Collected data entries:
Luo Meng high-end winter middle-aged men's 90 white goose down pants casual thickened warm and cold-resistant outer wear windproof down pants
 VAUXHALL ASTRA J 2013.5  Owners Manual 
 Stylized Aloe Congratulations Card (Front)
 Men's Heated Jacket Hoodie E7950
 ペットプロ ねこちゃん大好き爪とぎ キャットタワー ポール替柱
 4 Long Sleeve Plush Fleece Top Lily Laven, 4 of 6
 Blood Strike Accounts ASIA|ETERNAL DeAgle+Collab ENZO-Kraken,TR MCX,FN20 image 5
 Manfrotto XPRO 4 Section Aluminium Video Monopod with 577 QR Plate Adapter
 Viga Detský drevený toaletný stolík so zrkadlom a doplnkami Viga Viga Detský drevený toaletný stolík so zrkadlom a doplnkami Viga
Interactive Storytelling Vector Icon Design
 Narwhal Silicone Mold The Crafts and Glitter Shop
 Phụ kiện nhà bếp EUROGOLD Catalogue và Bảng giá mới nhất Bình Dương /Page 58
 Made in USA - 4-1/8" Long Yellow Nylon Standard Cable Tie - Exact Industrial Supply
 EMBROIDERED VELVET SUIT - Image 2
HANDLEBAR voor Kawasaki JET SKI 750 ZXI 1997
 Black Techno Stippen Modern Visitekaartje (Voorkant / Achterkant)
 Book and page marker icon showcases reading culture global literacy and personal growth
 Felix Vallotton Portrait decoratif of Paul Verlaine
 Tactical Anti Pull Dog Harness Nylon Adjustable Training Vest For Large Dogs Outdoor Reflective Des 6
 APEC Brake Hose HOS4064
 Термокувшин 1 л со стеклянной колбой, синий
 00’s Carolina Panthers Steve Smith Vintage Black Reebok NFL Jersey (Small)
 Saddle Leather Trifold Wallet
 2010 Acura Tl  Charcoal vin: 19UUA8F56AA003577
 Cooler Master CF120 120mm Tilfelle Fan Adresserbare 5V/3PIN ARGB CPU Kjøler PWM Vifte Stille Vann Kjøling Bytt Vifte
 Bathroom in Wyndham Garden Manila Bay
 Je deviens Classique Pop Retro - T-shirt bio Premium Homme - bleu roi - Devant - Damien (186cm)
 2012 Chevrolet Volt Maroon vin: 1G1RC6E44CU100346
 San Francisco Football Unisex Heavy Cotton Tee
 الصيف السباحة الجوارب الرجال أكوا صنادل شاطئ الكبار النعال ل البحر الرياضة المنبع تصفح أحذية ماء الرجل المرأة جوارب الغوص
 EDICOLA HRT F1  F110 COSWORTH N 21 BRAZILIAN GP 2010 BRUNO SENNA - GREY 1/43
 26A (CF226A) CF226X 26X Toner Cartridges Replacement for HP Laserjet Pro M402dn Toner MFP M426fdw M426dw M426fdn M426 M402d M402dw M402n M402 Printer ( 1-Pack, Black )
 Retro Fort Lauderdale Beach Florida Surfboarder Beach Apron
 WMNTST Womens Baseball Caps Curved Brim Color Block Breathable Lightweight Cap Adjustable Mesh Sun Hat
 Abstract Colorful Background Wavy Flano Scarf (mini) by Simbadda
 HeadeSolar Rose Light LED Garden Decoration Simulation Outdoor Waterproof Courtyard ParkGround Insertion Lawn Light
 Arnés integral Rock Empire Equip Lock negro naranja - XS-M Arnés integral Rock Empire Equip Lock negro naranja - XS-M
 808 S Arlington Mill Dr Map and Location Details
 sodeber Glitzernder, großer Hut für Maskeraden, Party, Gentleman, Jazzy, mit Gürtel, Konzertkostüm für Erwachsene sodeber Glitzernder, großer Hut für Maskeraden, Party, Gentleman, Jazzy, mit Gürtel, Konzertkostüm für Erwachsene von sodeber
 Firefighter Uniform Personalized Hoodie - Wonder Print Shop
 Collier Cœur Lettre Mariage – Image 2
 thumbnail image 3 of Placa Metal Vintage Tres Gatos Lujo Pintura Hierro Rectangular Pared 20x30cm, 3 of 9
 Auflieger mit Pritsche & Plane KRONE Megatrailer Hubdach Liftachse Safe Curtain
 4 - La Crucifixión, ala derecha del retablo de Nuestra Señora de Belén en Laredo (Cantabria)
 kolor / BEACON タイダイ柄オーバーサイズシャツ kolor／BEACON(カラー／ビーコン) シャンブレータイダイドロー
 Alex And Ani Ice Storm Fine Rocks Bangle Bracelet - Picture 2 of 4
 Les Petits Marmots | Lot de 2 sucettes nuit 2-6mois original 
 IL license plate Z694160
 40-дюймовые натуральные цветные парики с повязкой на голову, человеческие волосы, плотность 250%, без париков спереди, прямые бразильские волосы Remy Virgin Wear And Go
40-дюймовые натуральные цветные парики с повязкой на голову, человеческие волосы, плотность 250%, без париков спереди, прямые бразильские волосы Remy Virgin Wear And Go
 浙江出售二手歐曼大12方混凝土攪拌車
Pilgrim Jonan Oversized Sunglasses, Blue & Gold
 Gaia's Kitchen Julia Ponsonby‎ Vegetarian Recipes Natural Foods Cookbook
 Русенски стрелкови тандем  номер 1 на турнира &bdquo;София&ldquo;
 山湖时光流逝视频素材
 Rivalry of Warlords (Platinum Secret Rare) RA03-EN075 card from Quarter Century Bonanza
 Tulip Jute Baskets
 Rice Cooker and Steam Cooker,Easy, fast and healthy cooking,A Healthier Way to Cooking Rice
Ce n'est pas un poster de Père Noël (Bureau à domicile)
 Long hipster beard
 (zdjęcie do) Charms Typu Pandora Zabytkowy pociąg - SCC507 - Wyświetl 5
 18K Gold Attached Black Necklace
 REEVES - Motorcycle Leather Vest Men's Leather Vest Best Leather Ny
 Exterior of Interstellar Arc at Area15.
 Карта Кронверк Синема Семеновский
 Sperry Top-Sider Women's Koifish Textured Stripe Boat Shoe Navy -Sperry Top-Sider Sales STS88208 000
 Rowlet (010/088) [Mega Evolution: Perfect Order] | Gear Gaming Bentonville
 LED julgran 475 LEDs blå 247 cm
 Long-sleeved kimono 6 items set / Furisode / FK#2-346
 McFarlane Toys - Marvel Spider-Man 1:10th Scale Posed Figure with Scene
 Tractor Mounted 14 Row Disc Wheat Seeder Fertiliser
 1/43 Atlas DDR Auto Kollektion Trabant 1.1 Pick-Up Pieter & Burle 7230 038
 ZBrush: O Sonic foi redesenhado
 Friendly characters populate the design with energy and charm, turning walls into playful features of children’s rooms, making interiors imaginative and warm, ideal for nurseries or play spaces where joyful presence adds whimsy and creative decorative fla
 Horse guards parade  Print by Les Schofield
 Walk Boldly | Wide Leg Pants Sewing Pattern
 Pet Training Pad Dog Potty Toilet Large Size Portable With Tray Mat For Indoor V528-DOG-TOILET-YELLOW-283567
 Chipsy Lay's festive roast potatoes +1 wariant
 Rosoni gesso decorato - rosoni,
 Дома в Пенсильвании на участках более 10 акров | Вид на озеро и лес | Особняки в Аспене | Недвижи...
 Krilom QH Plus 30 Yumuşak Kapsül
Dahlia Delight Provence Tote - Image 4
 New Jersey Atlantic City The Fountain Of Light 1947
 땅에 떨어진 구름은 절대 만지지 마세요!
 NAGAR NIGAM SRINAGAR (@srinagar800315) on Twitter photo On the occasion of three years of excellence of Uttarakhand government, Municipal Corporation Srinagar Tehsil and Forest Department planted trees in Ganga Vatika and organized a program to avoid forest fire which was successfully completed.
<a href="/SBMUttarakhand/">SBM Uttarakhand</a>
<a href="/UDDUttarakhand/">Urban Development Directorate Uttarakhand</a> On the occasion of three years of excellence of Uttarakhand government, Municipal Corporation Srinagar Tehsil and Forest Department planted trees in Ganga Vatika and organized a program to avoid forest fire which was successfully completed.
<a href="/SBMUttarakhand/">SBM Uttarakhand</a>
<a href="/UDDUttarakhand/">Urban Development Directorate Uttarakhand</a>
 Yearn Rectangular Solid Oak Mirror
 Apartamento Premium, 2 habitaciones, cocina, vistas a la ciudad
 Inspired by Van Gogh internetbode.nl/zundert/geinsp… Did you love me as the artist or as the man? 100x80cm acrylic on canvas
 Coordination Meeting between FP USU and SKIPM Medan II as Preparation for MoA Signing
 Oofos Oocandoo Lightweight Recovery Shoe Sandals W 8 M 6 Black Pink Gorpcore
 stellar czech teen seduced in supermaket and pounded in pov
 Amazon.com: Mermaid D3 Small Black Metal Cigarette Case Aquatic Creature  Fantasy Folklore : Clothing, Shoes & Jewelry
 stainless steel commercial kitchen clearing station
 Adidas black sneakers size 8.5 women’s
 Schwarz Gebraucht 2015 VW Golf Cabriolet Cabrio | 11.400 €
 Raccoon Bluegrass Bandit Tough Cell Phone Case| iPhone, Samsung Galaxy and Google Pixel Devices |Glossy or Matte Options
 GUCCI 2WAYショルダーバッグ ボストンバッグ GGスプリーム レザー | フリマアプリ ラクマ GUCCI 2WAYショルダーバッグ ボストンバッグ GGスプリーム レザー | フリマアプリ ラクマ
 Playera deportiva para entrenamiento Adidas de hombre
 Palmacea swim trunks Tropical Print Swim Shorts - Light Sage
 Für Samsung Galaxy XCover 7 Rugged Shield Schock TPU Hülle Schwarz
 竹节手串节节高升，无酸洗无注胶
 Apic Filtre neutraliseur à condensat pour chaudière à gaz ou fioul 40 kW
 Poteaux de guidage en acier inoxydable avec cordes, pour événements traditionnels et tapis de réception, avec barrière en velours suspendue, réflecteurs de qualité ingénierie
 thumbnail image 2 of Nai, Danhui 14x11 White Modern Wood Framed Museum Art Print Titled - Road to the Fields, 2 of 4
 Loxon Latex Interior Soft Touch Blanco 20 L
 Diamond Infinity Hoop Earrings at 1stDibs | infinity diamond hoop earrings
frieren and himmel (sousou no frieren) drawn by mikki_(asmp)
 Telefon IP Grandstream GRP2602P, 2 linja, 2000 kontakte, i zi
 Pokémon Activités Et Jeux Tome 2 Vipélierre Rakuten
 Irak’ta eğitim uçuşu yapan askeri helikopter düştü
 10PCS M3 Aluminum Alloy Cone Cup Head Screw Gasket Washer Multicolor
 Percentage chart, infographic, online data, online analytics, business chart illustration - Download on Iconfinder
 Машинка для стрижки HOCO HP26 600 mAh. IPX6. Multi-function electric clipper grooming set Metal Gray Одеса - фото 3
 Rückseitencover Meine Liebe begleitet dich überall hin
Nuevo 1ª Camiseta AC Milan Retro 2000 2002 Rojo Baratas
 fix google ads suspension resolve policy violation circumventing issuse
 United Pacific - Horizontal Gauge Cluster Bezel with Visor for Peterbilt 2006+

▶ **Your objective**
Show the lines of the entries that include the string "Vintage", copying each in full.

▶ **Worked solution**
 00’s Carolina Panthers Steve Smith Vintage Black Reebok NFL Jersey (Small)
 thumbnail image 3 of Placa Metal Vintage Tres Gatos Lujo Pintura Hierro Rectangular Pared 20x30cm, 3 of 9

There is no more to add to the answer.